What you will do: When the line containing "640 SE Windfield Drive, Waukee, IA 50263" appears in the data below, begin copying there and stop only after the line containing "Nike Pegasus 40".

Stored entries:
+--
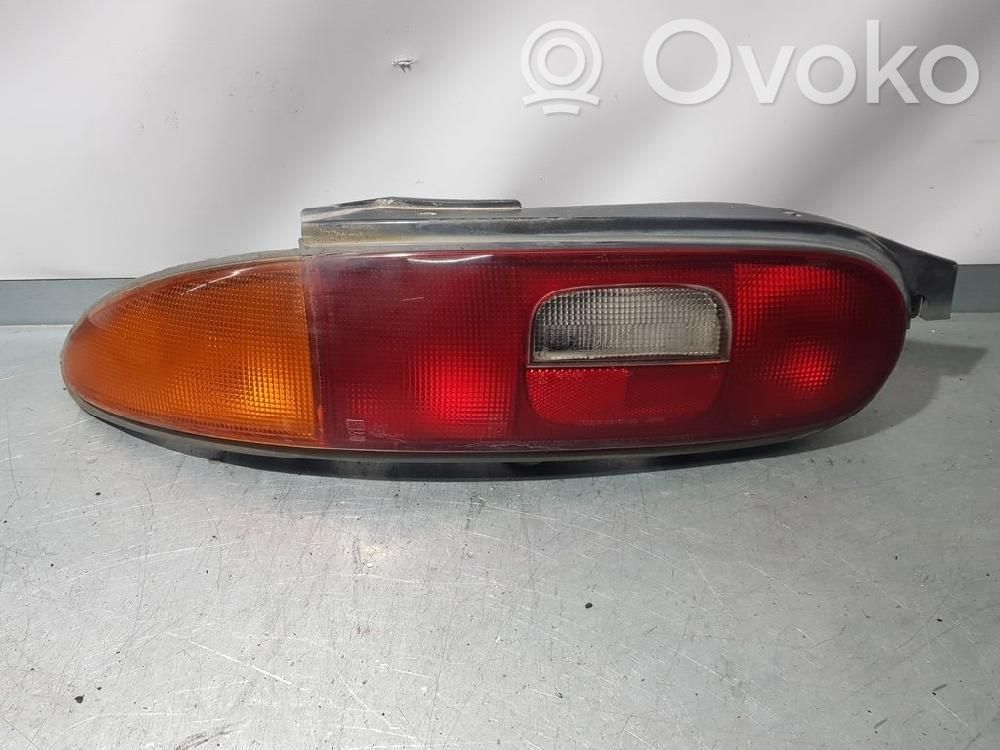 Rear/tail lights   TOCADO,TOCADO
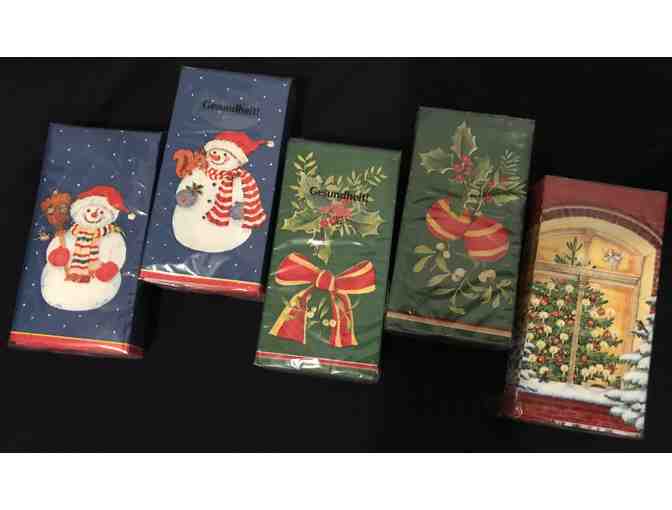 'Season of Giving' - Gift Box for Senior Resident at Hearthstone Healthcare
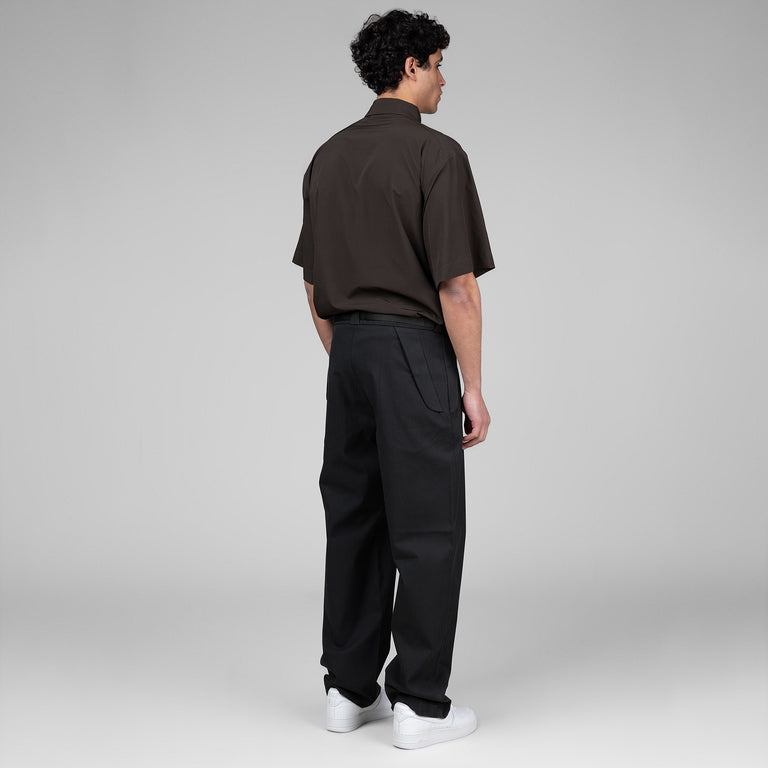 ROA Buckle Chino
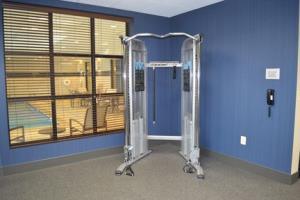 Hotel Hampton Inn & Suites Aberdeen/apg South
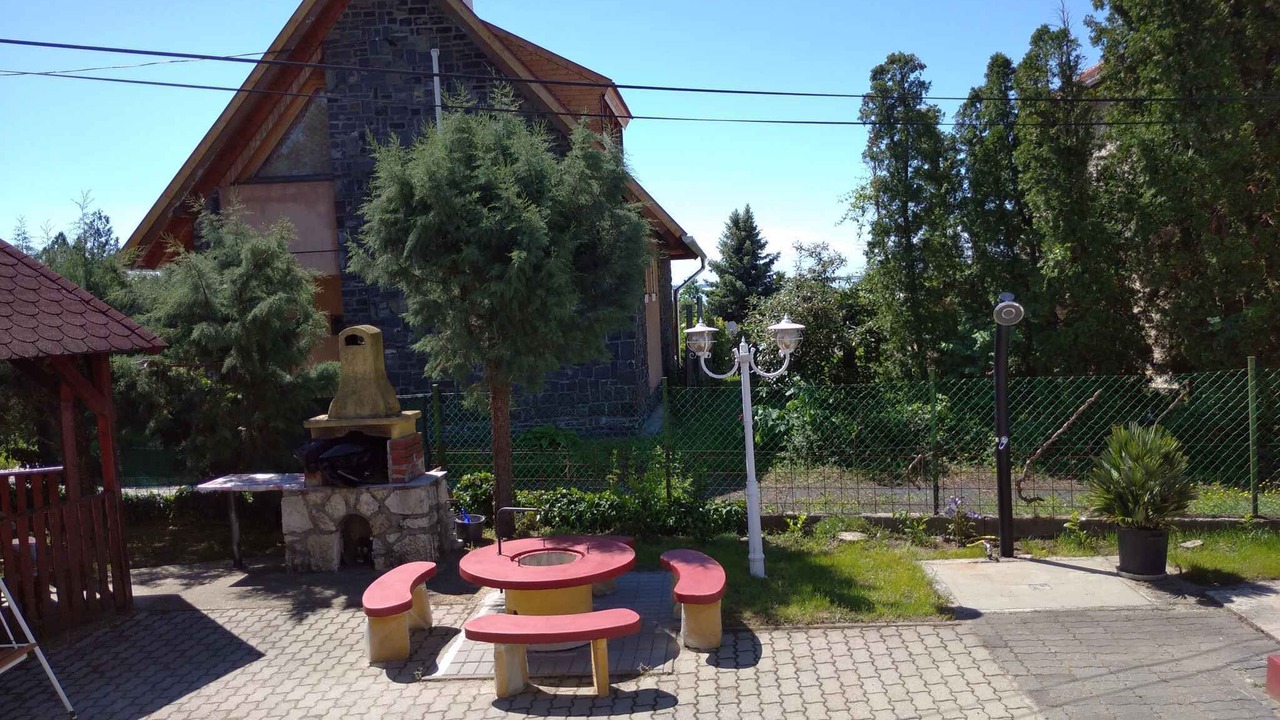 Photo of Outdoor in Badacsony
+--
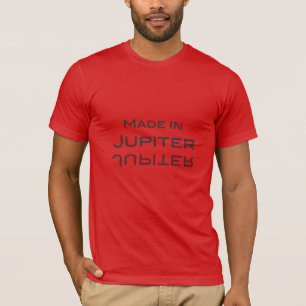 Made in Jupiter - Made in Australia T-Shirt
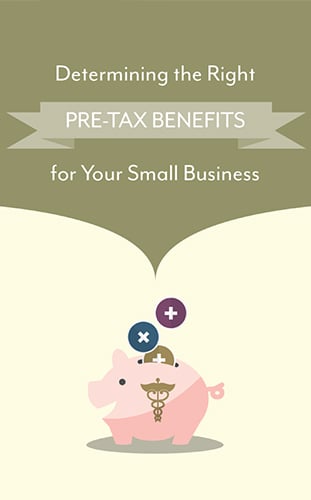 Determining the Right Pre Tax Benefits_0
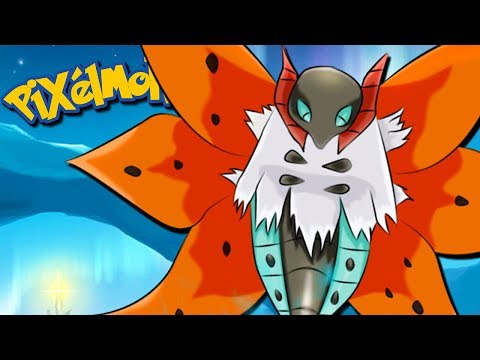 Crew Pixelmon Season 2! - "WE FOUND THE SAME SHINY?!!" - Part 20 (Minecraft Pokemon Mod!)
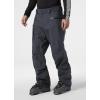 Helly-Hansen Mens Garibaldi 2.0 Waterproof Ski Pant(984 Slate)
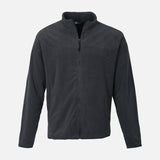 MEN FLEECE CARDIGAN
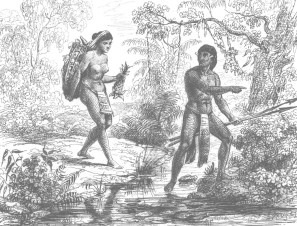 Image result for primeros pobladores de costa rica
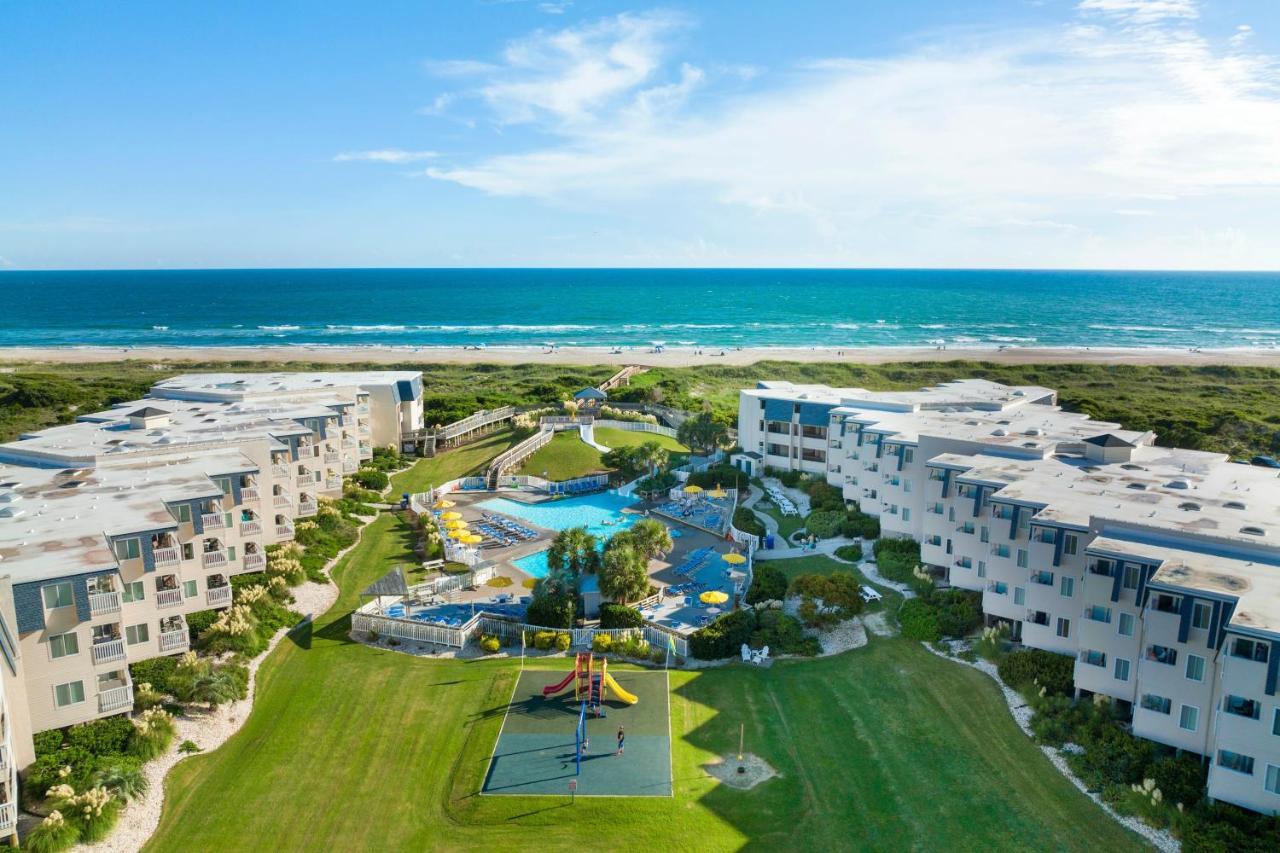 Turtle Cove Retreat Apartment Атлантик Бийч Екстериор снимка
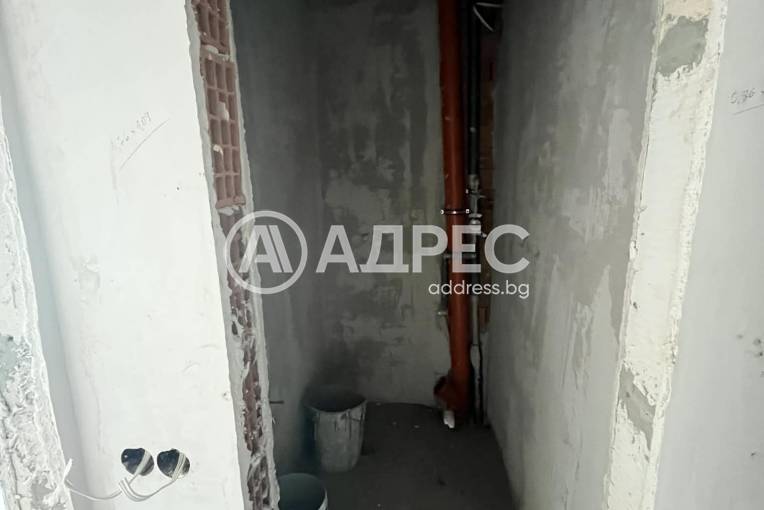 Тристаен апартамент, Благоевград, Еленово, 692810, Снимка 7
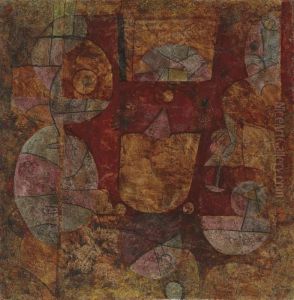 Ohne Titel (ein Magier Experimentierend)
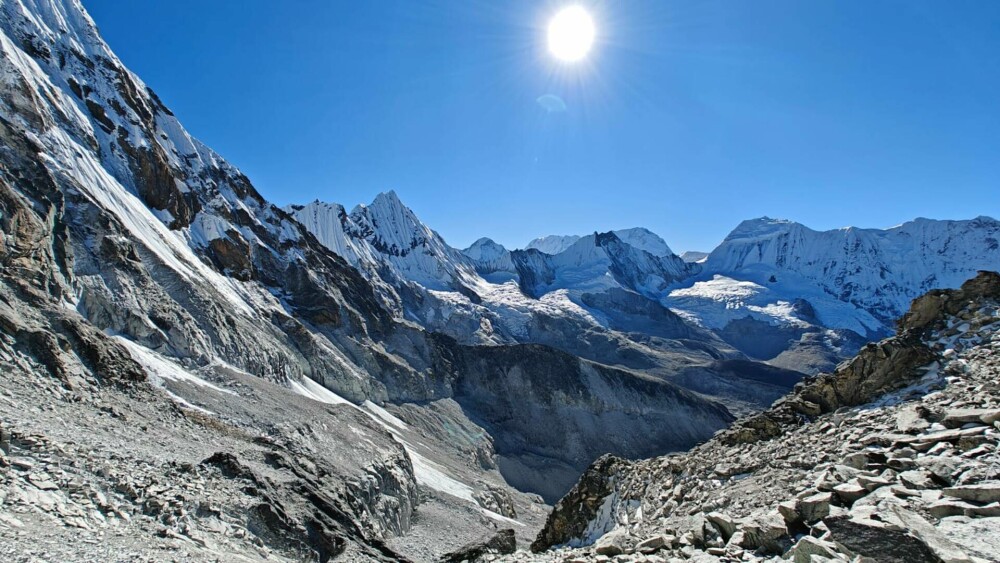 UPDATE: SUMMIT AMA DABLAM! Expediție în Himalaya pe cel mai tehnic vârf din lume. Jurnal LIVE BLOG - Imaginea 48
+--
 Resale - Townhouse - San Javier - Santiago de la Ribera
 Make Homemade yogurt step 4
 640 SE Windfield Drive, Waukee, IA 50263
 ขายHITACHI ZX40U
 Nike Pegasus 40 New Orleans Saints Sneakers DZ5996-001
+--
Solution for this task:
 640 SE Windfield Drive, Waukee, IA 50263
 ขายHITACHI ZX40U
 Nike Pegasus 40 New Orleans Saints Sneakers DZ5996-001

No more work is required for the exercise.